User guide - Amazon SageMaker

User guide

This section covers how data scientist and data engineers can launch, discover, connect to, or terminate an Amazon EMR cluster from Studio or Studio Classic.

Before users can list or launch clusters, administrators must have configured the necessary settings in the Studio environment. For information on how administrators can configure a Studio environment to allow self-provisioning and listing of Amazon EMR clusters, see Admin guide.

Supported images and kernels to connect to an Amazon EMR cluster from Studio or Studio Classic

The following images and kernels come with sagemaker-studio-analytics-extension, the JupyterLab extension that connects to a remote Spark (Amazon EMR) cluster via the SparkMagic library using Apache Livy.

  • For Studio users: SageMaker Distribution is a Docker environment for data science used as the default image of JupyterLab notebook instances. All versions of SageMaker Distribution come with sagemaker-studio-analytics-extension pre-installed.
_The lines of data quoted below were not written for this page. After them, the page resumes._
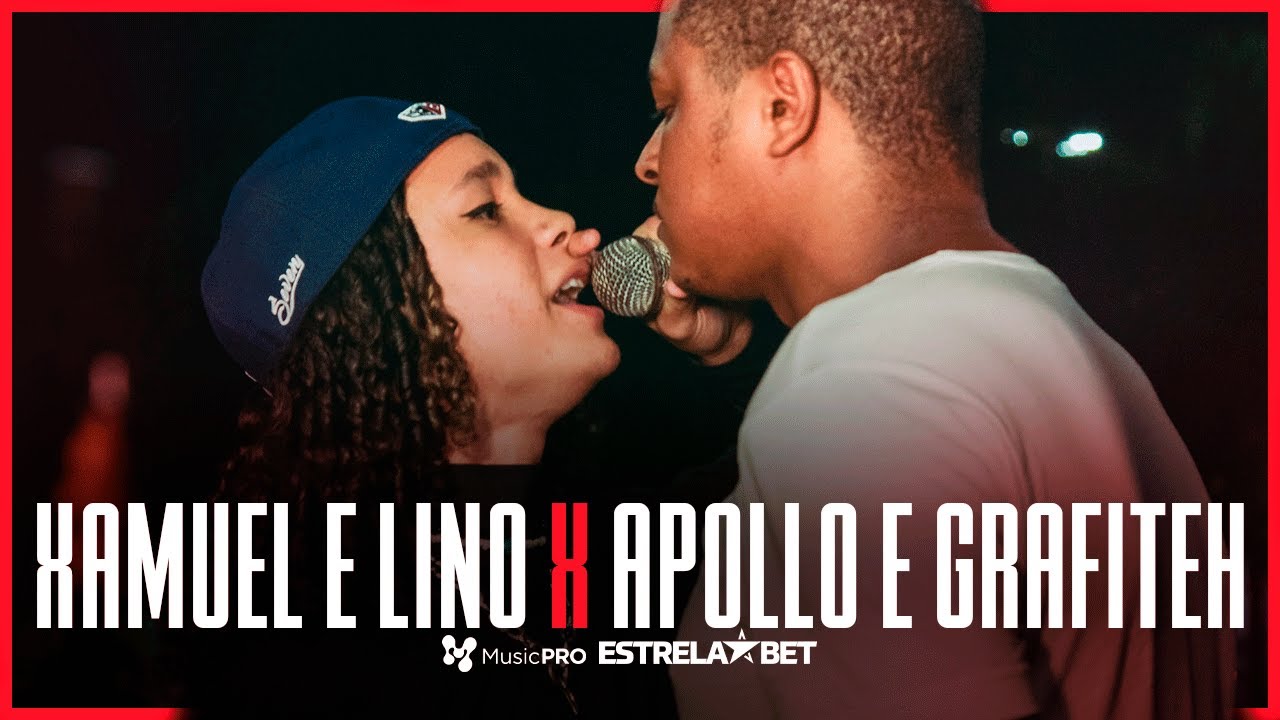 XAMUEL E LINO X APOLLO E GRAFITEH | SEGUNDA FASE | 356ª BATALHA DA ALDEIA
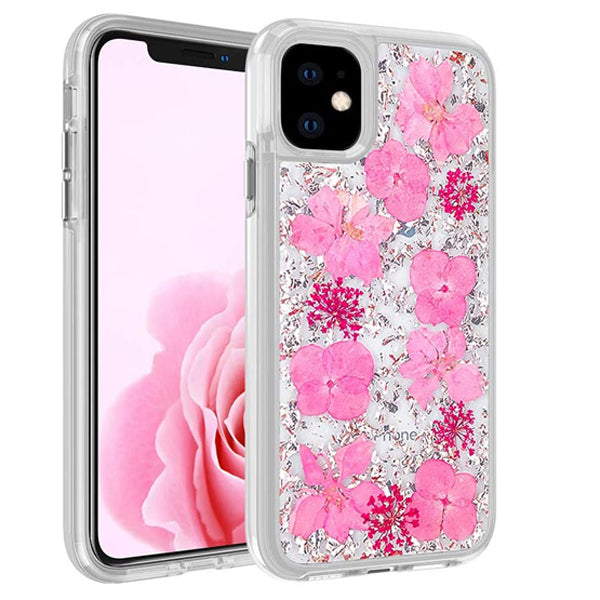 iPhone 12/12 Pro Real Flower Case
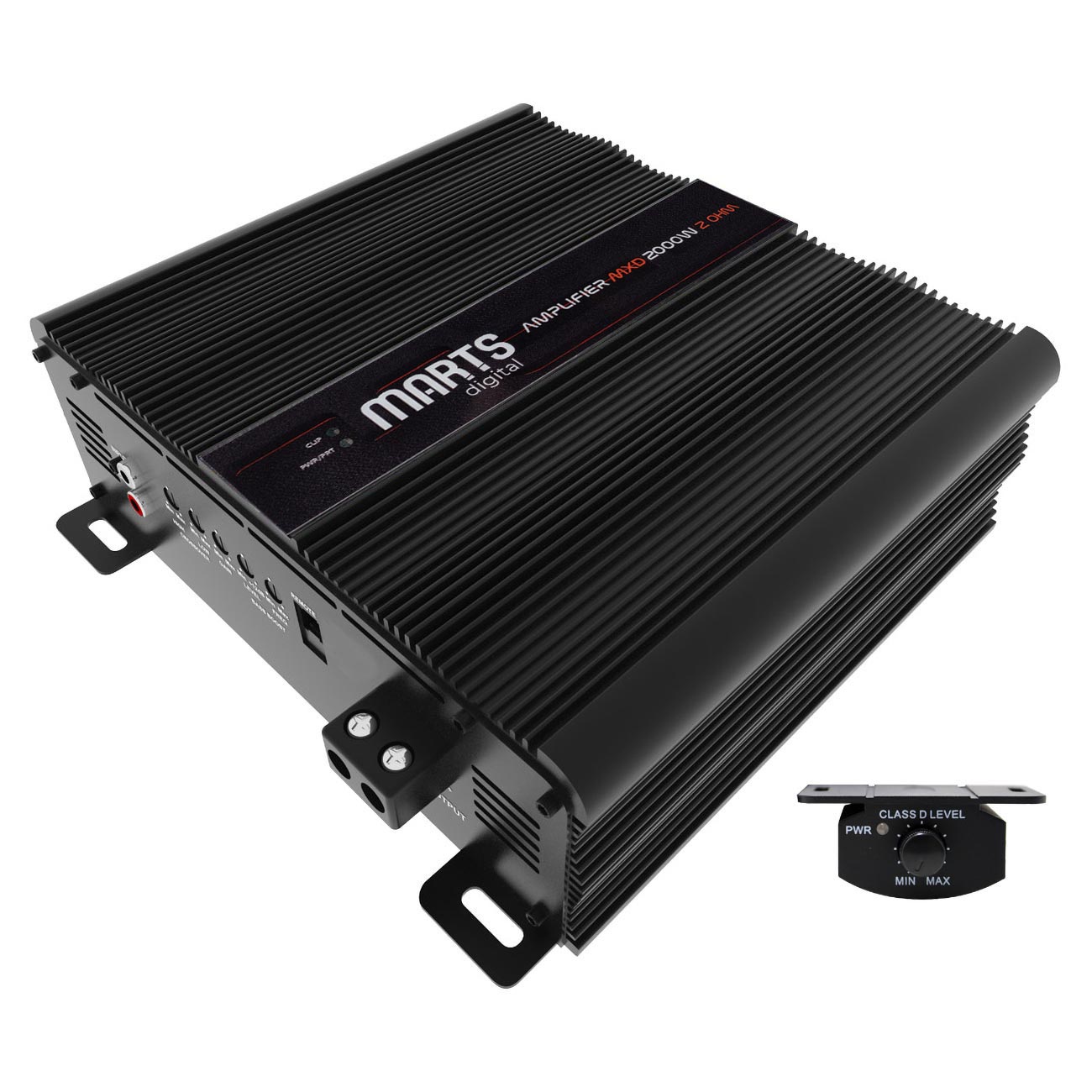 MARTS MXD20002OHM Full Range Monoblock Amplifier 2000W RMS - View 5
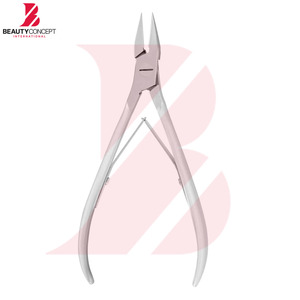 Cortauñas Profesionales de Acero Inoxidable de Alta Calidad, Último Modelo, Servicio OEM ODM, Herramientas de Belleza, Cortacutículas - Product Image 4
  • For Studio Classic users: The following images come pre-installed with sagemaker-studio-analytics-extension:

    • DataScience – Python 3 kernel

    • DataScience 2.0 – Python 3 kernel

    • DataScience 3.0 – Python 3 kernel

    • SparkAnalytics 1.0 – SparkMagic and PySpark kernels

    • SparkAnalytics 2.0 – SparkMagic and PySpark kernels

    • SparkMagic – SparkMagic and PySpark kernels

    • PyTorch 1.8 – Python 3 kernels

    • TensorFlow 2.6 – Python 3 kernel

    • TensorFlow 2.11 – Python 3 kernel

To connect to Amazon EMR clusters using another built-in image or your own image, follow the instructions in Bring your own image.

Bring your own image

To bring your own image in Studio or Studio Classic and allow your notebooks to connect to Amazon EMR clusters, install the following sagemaker-studio-analytics-extension extension to your kernel. It supports connecting SageMaker Studio or Studio Classic notebooks to Spark(Amazon EMR) clusters through the SparkMagic library.

pip install sparkmagic pip install sagemaker-studio-sparkmagic-lib pip install sagemaker-studio-analytics-extension

Additionally, to connect to Amazon EMR with Kerberos authentication, you must install the kinit client. Depending on your OS, the command to install the kinit client can vary. To bring an Ubuntu (Debian based) image, use the apt-get install -y -qq krb5-user command.

For more information on bringing your own image in SageMaker Studio or Studio Classic, see Bring your own SageMaker image.